I took a breath of the purer air, the burn of it like fire itself, and turned away from the broken window, stumbling through the wreckage of machinery, past the twisted shape on the floor, a dark stain spreading halo-like from around his head. The soles of his shoes were smoldering. And then I broke into a run across the workshop, scattering a bucket of screws and tearing my gown on a jagged piece of iron before I burst through the door in a cloud.
“Uncle Tully!” I yelled. “Uncle!”
I searched the bare and tidy room with streaming eyes. But my uncle was not there.
2
M
rs. Cooper put a cup of boiling tea in front of me on the kitchen table. I was sitting in what I thought of as “my chair,” the one I had claimed more than two years ago, the first day I’d stepped inside Stranwyne Keep. I felt much the same now as I had then: frightened, uncertain, and steaming with an anger that set the heat of my tea to shame — my inevitable reaction to anything beyond my control. But I was a different girl from the one who had sat here brazenly baiting Mrs. Cooper — Mrs. Jeffries, then — with a bravado that only partially covered my fear. I counted that day I’d come to Stranwyne as the first of my life, my real life; the person I’d been before it was hardly worth remembering. I held my anger in check.

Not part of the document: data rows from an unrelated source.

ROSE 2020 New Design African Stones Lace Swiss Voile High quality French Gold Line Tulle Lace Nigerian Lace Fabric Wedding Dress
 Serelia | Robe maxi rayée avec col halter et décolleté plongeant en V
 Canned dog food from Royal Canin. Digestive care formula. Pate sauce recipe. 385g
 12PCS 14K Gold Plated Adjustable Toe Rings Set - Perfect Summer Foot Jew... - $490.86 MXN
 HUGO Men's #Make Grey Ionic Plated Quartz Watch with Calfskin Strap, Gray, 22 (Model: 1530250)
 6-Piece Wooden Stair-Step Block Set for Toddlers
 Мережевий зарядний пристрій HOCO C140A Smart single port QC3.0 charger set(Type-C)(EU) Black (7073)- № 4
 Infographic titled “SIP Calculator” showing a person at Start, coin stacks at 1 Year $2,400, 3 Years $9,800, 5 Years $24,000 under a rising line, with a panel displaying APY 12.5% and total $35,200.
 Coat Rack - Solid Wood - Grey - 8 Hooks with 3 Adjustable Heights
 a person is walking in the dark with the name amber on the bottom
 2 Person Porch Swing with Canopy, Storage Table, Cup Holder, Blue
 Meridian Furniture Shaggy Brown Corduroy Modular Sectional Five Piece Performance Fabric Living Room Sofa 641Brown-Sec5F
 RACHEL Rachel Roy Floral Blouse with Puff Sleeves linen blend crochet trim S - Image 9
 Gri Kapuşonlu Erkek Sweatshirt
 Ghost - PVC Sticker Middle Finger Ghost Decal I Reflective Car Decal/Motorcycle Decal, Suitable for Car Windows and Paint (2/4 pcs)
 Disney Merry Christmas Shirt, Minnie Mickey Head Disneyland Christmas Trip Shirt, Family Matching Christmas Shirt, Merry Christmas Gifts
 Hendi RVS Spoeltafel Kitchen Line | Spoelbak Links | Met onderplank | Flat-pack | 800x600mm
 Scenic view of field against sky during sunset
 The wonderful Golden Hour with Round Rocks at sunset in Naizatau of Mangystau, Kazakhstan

Mrs. Cooper put another cup of tea in front of Mary, nattering on and on as she did it, calling her “duck” and “poppet” and a “right good girl,” the rags tied in her hair fluttering like feathers above a white cotton nightgown. I was wearing her dressing gown, the faded blue she kept in the kitchen for baking, pulled close over my wet and sooty nightdress. I reached for the little jug in front of me.
“Cream, Mary?” I asked, steadying my hand.
She didn’t answer, just stared stone-faced while I poured it, her unnatural silence hurting me so much more than the small, throbbing cut at the base of my throat. She should not go back upstairs tonight. Maybe she should go home with Mrs. Cooper, or to her mother’s in the village. I smiled gamely at the still-blathering Mrs. Cooper, an expression I knew would give her comfort, and then my gaze lifted past them both, into the far corner of the room and another source of chatter. And like the cream pouring into my over-hot tea, my anger cooled, sweetened by an exquisite sense of relief.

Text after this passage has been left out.